→ **Requirement**
Go to the line holding "Nidaime Maruyan - から揚げ定食（税込550円）" in the data below. Return it and each line after it through the last, exactly, and skip the pictures.

→ **Information provided**

■ ■ ■

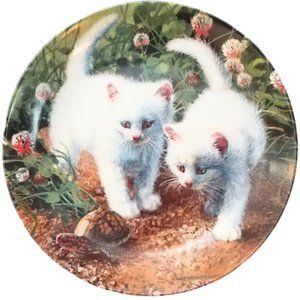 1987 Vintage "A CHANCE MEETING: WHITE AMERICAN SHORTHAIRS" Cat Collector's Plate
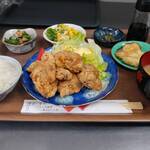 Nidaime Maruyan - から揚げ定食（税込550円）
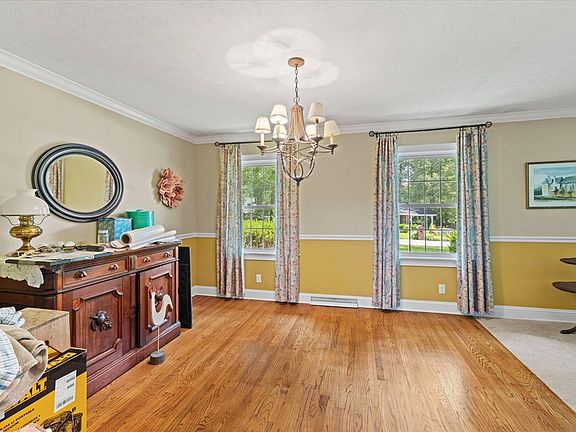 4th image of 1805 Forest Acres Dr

■ ■ ■

→ **Reply**
 Nidaime Maruyan - から揚げ定食（税込550円）
 4th image of 1805 Forest Acres Dr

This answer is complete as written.